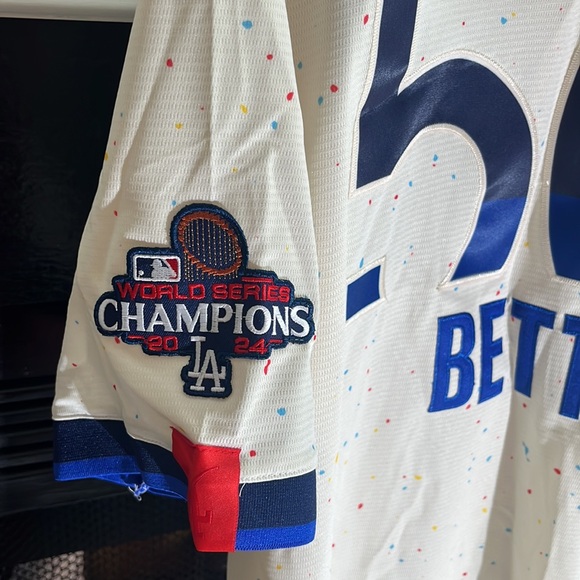 Los Angeles Dodgers Mookie Betts Baseball Jersey City Connect Men’s Size XL - Picture 5 of 8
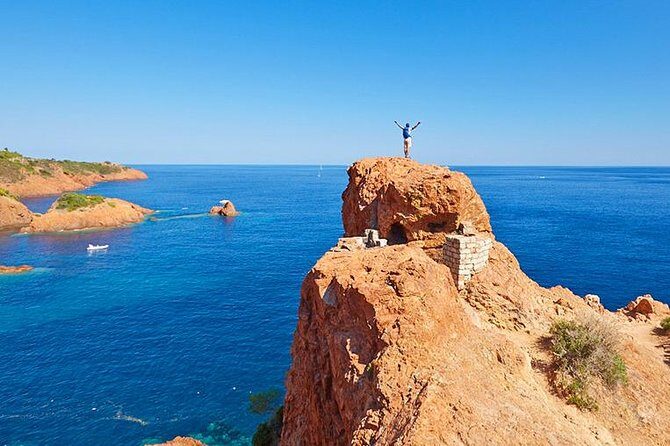 Saint-Tropez and Port Grimaud Full-Day Tour - Why Saint-Tropez and Port Grimaud Feel So Different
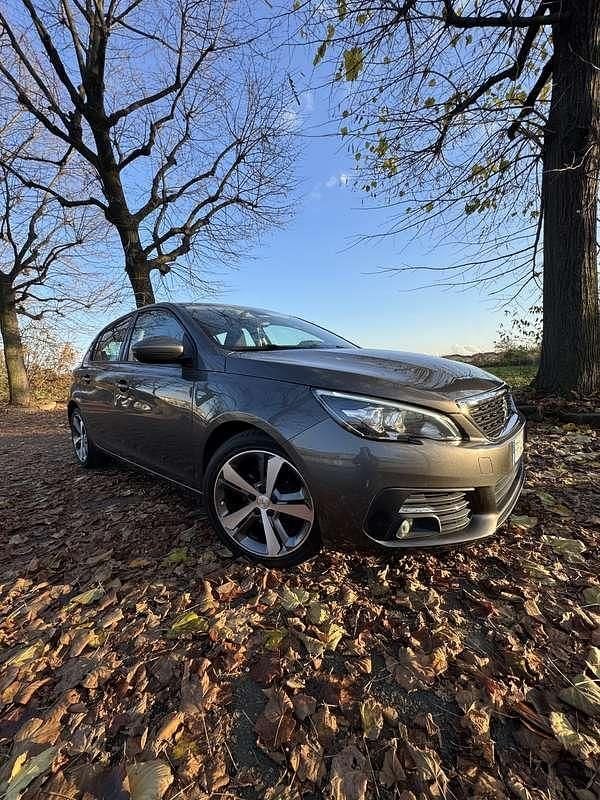 Usata Peugeot 308 GT-line 131 CV (96 kW) 2018 Berlina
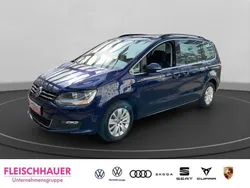 Blau Gebraucht 2022 VW Sharan Van / Kleinbus | 28.480 € (Fairer Preis)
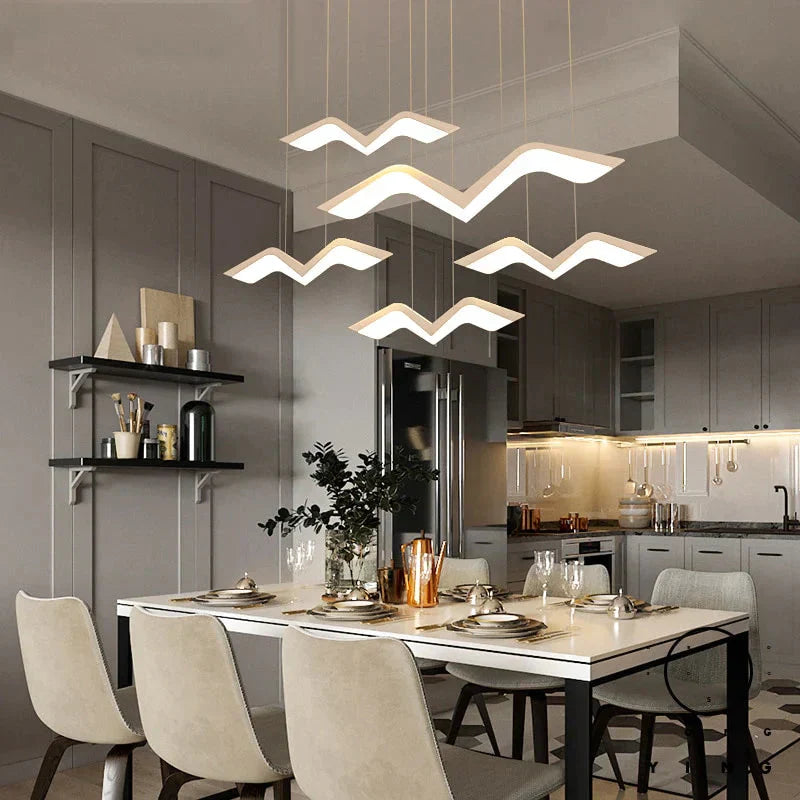 Elegante, anpassbare DIY LED-Pendelleuchte. Dimmbare Deckenlampe mit modernem Design für jede Raumgestaltung.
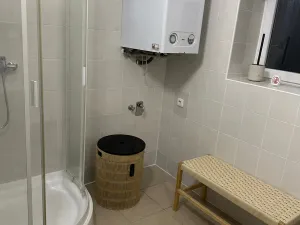 Pronájem bytu 2+kk, Karlovy Vary, Libušina, 31 m2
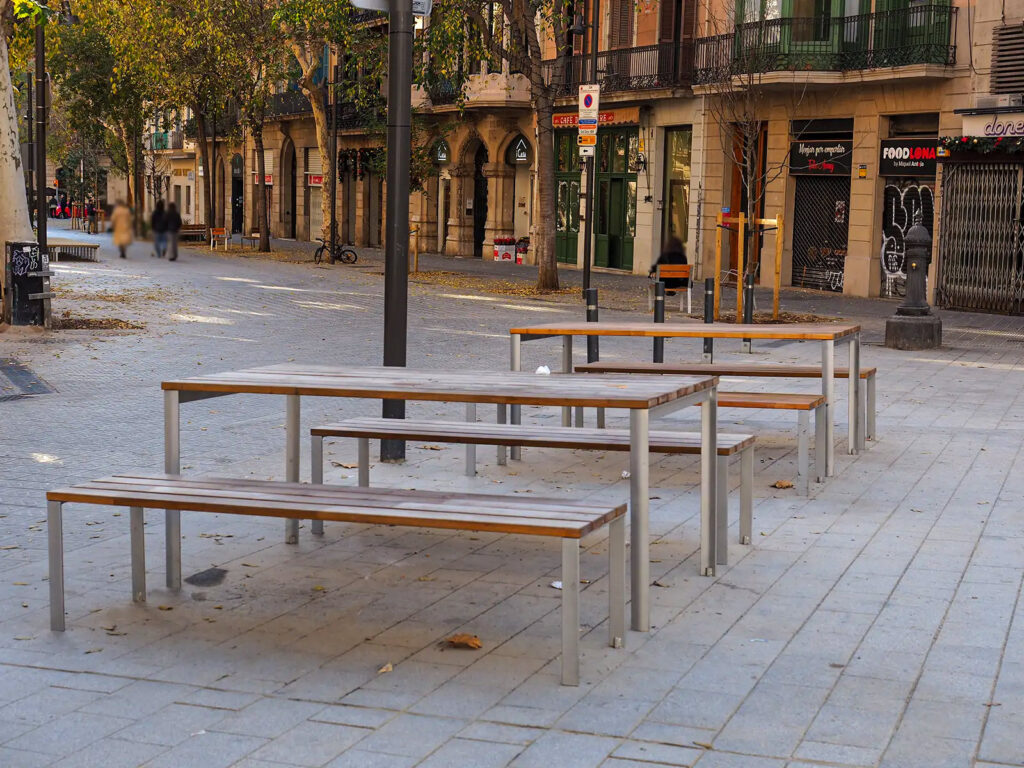 Muebles para Áreas Comunales y Urbanas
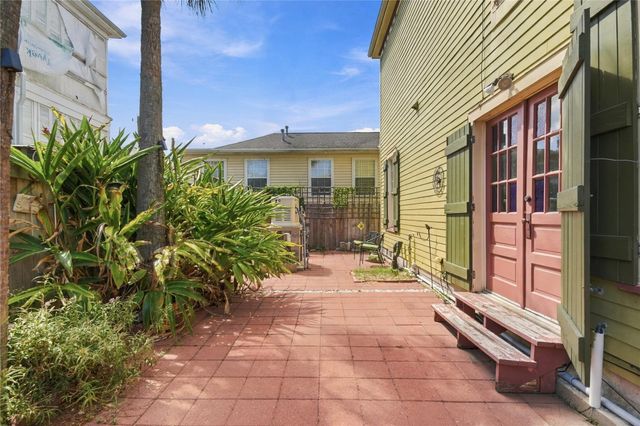 1201 Postoffice, Galveston, TX 77550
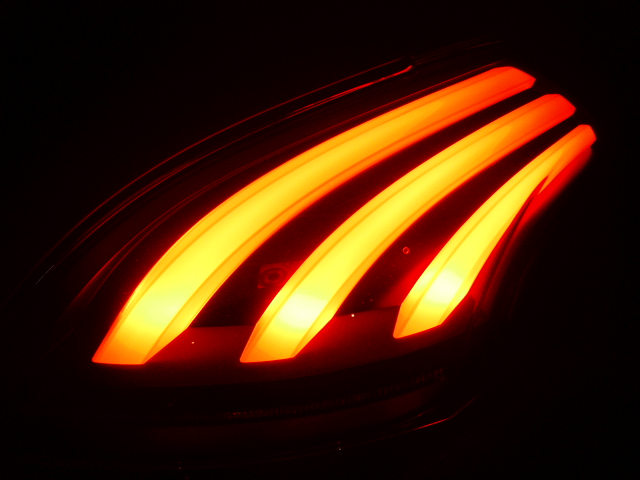 " New Peugeot 208 "
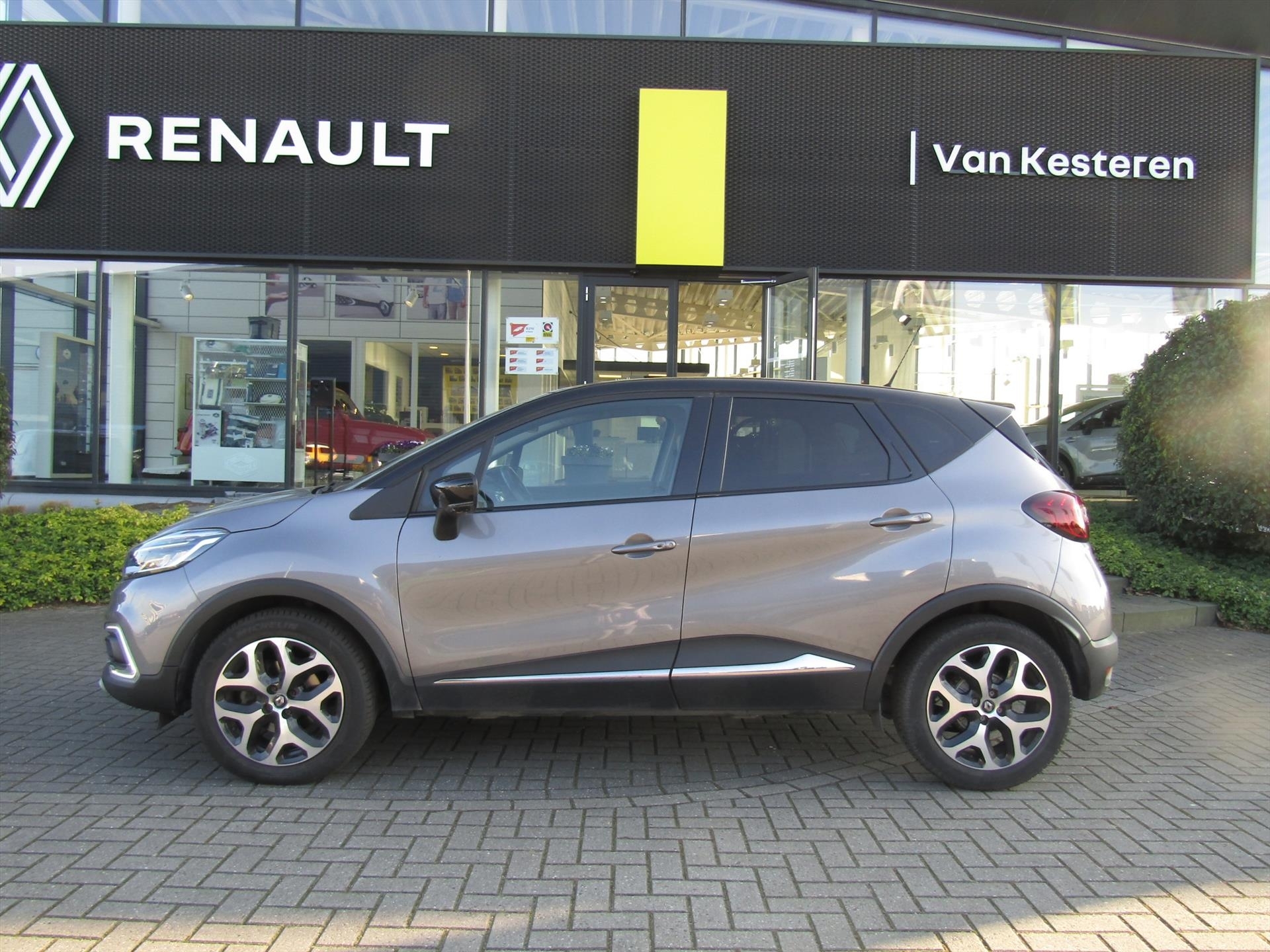 Renault Captur 1.3 TCe 150pk EDC Intens / Navigatie / All season banden / Zeer Compleet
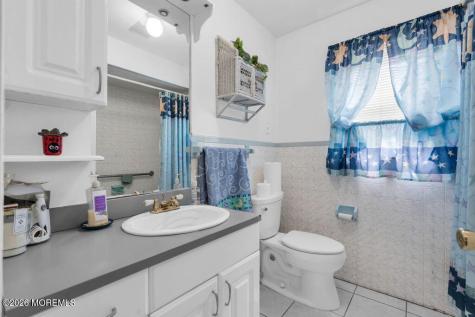 14 Dolan Avenue Aberdeen NJ 07747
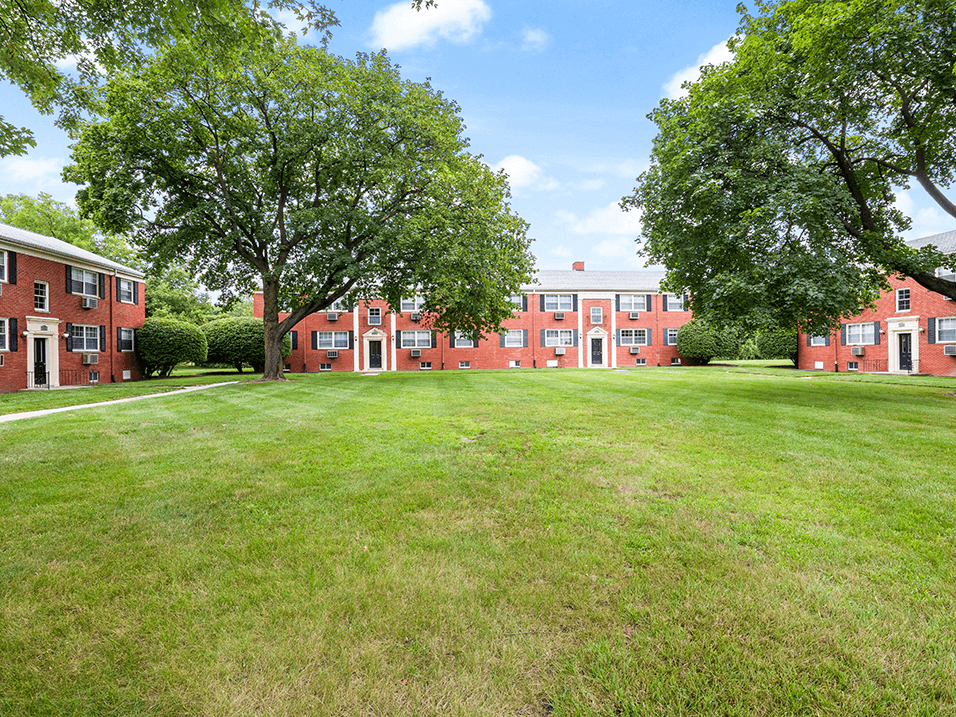 Georgetown Village in Toledo, OH - Building Photo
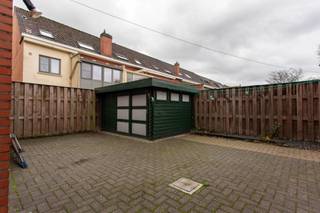 Gelijkvloers appartement te Kalmthout! EPC 184Dit verzorgd gelijkvloers appartement biedt een ruime en lichtrijke leefruimte op een tegelvloer met...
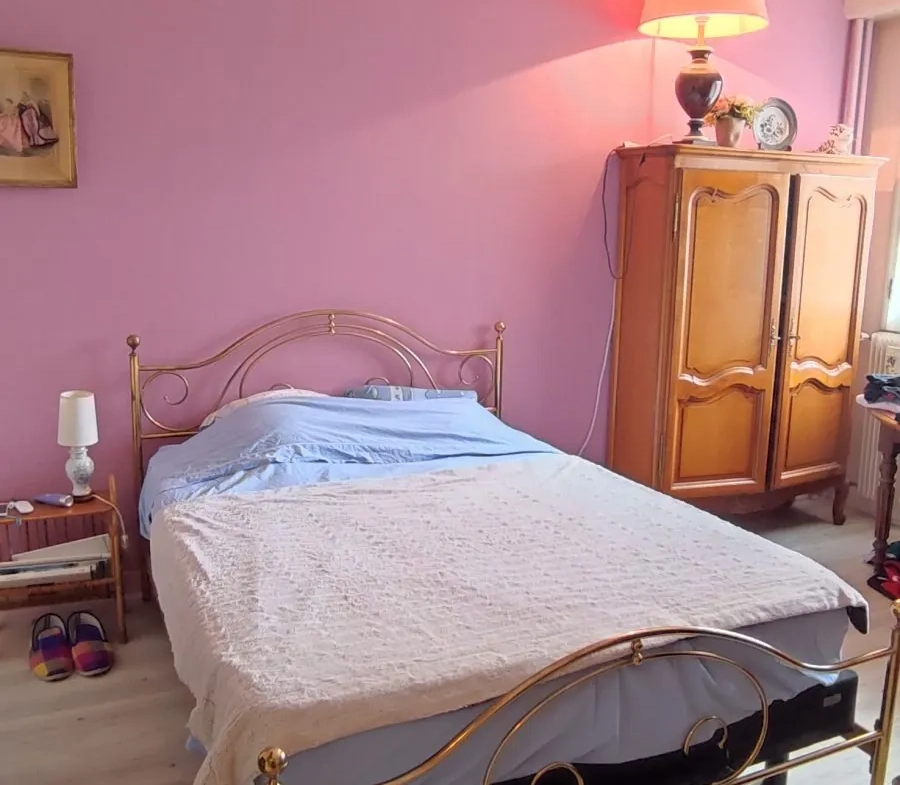 Appartement T2 spacieux avec parking et cave au centre du Mans 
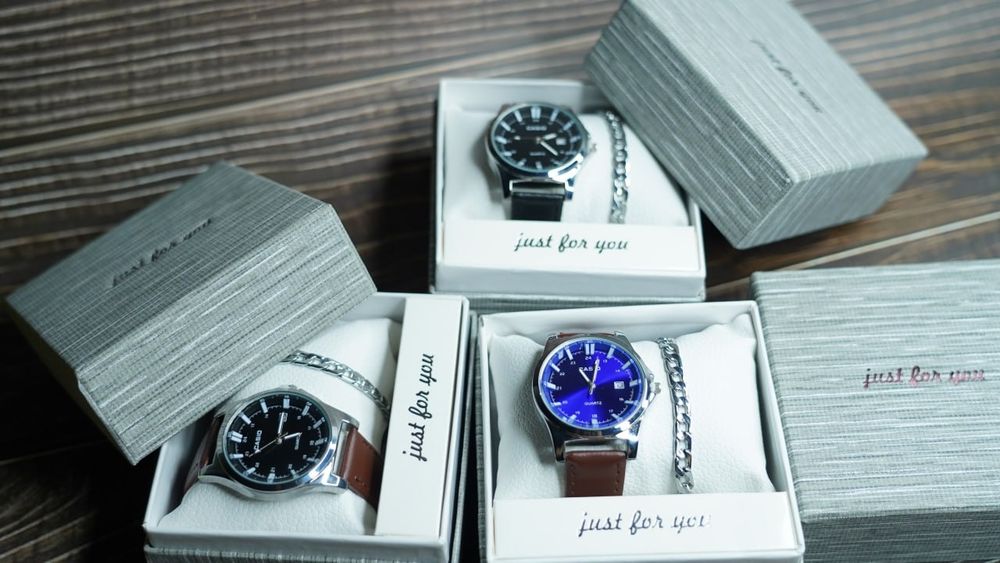 Casio uslub va funksionallik uchun mukammal soat va blak uzug
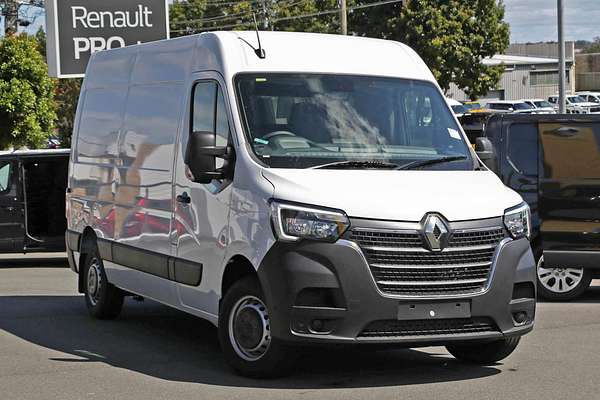 2025 Renault Master Pro 110kW X62 Phase 2 MWB Mid Roof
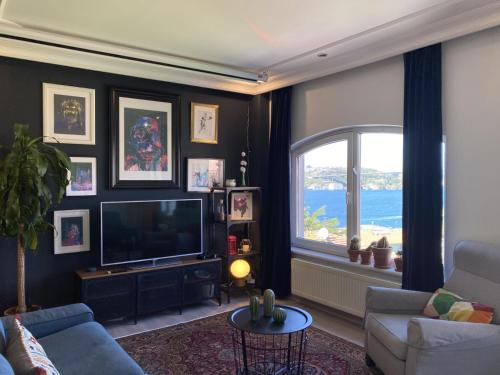 Delightful Apartment with Backyard and Bosphorus View in Uskudar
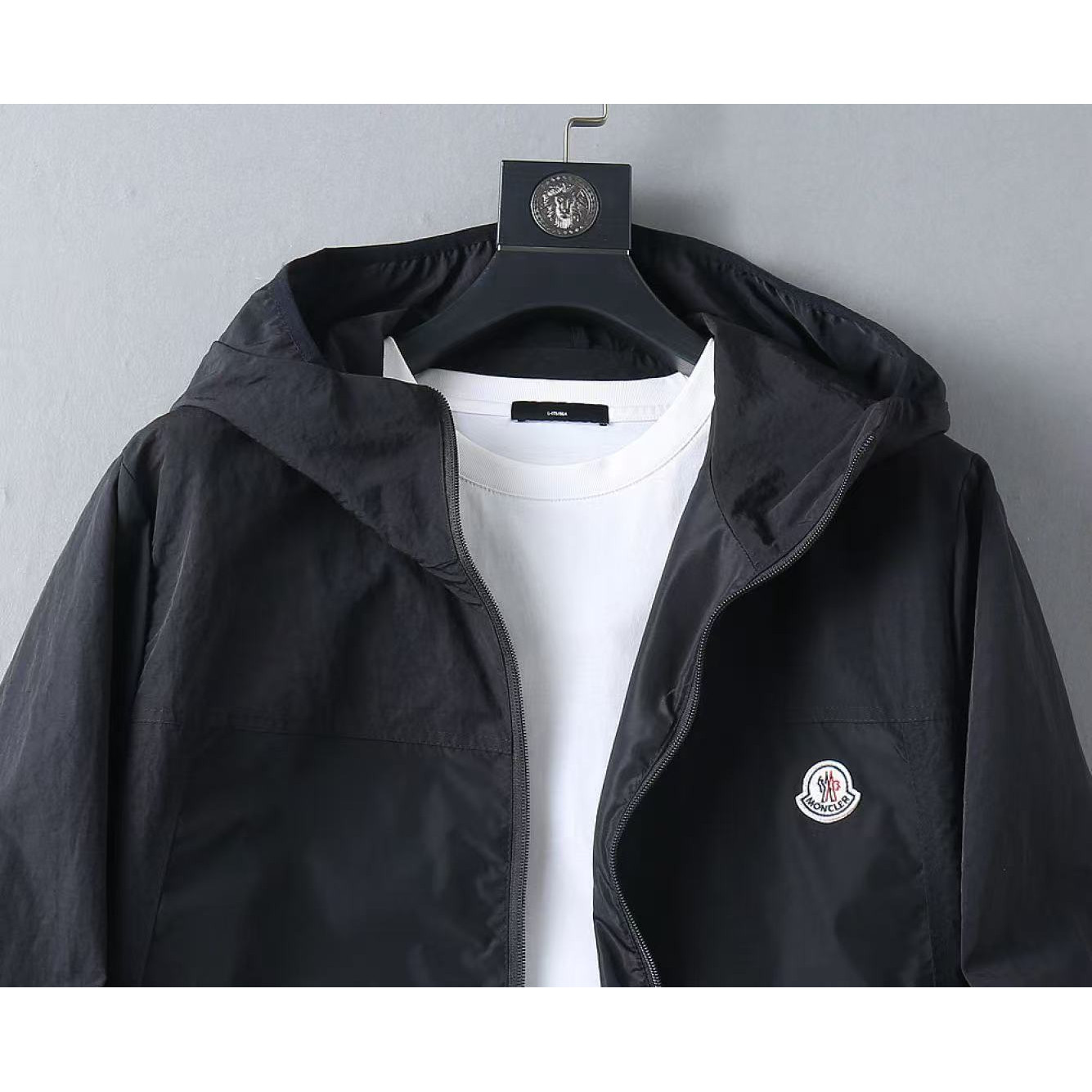 <p>MONCLER 男士夹克外套(800820)</p>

## [Problem to work on]
Your answer should hold only the lines from the line with "Casio uslub va" through the closing line of the records, restated exactly and free of pictures.

## [Answer]
 Casio uslub va funksionallik uchun mukammal soat va blak uzug
 2025 Renault Master Pro 110kW X62 Phase 2 MWB Mid Roof
 Delightful Apartment with Backyard and Bosphorus View in Uskudar
 <p>MONCLER 男士夹克外套(800820)</p>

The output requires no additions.